TASK DESCRIPTION:
Write out each line below precisely, passing over the pictures.

DATASET SECTION:

--- --- ---

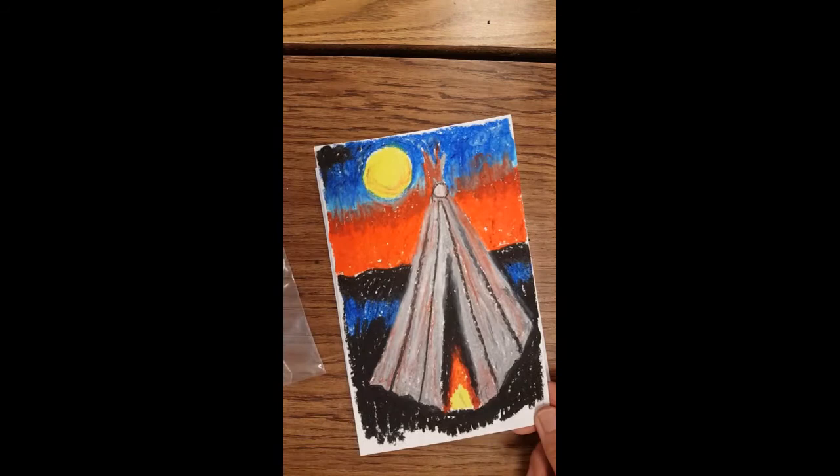Hi, today we're going to learn about an art project that uses oil pastel and it will end up being a teepee.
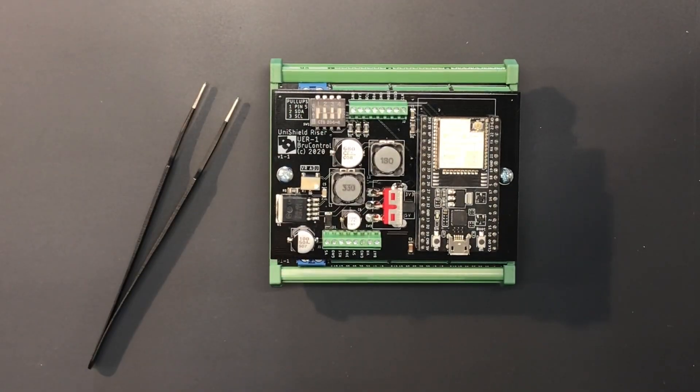That's a look at the ESP32 Unishield. Please reach out to us at info@brewcontrol.com if you have any questions or concerns. Have a great day!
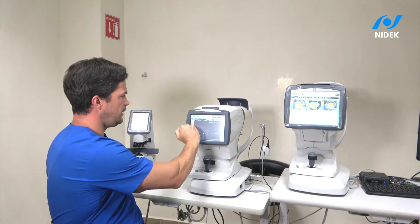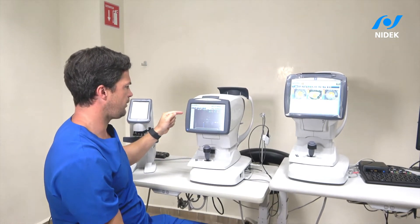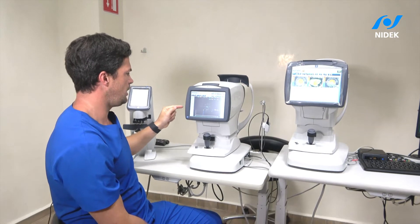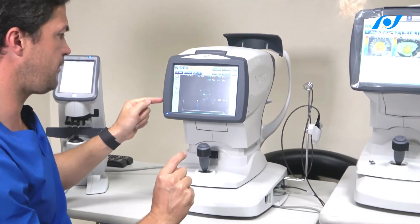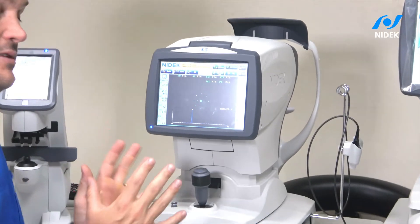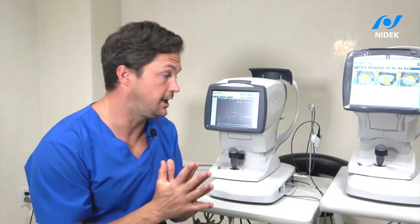What we did is we measured the actual axial length, keratometry, CCT, and anterior chamber depth, along with white-to-white. With this information I can probably use 100% of the formulas because I have everything that I need.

--- --- ---

EXPECTED ANSWER:
Hi, today we're going to learn about an art project that uses oil pastel and it will end up being a teepee.
That's a look at the ESP32 Unishield. Please reach out to us at info@brewcontrol.com if you have any questions or concerns. Have a great day!
What we did is we measured the actual axial length, keratometry, CCT, and anterior chamber depth, along with white-to-white. With this information I can probably use 100% of the formulas because I have everything that I need.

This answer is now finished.